22/03/2017 10:42 AM AEDT | Updated 22/03/2017 10:50 AM AEDT

Here's something to meditate about.

Yoga pants, and other clothes made from common synthetic materials, are causing the world's oceans to fill up with minuscule pieces of plastic known as microfibers, according to a new study out of Florida.

The lead researcher on the project says she was so thrown off by the unexpected findings that she can't even accurately assess the types of risks such pollution poses at this point.

Nylon, acrylic, polyester and other materials ― which are used to make workout pants, tops, fleeces and other leisure clothing ― are all petroleum-based plastics. They're spun into tiny threads and woven together to make fabric. When people clean these clothes in a washing machine, microfibers are released and end up in wastewater treatment plants. From there, they travel to rivers, lakes and oceans.

It's hard to imagine that this could be a good thing. -- Maia McGuire, University of Florida

The Florida Microplastic Awareness Project recently tested more than 950 water samples around the state, from the northeast in Jacksonville all the way down to the southern tip of Key West. Microfibers made up 83 percent of the plastics identified, more than any other type, according to Maia McGuire, sea grant extension agent at the University of Florida.

"There's cause for concern, but we're not exactly sure how much," McGuire told The Huffington Post. "Should we be alarmed rather than concerned? It's hard to imagine that this could be a good thing."

For socially conscious consumers who embrace a holistic lifestyle and might shun plastic bottles, meat and fur, the report's findings will likely be alarming.

southtownboy via Getty Images
Nylon, acrylic, polyester and other materials are all petroleum-based plastics, which are spun into tiny threads and woven together to make fabric. When they're laundered in washing machines, these clothing items release microfibers, which eventually make their way into our oceans.

While the exact risks associated with microfibers remain unknown, animals are certainly consuming them. And they're not just excreting these substances, McGuire noted.

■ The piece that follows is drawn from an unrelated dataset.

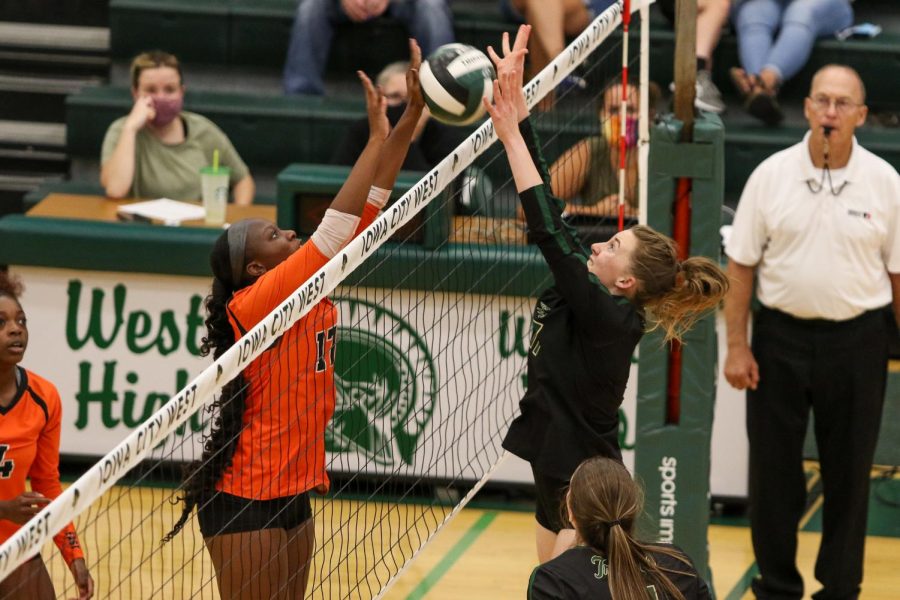 Raina Pfeifer '22 picks up a solo block against Waterloo East on Sept. 21.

Research has shown that microfibers are getting embedded into the tissues of marine life.

"That's a little more alarming than something that's passing through the body," McGuire said.

It's also unclear how this might affect fish-eating humans.

The Florida Microplastic Awareness Project
The Florida Microplastic Awareness Project invited about 160 "citizen scientists" to collect water samples and analyze the data.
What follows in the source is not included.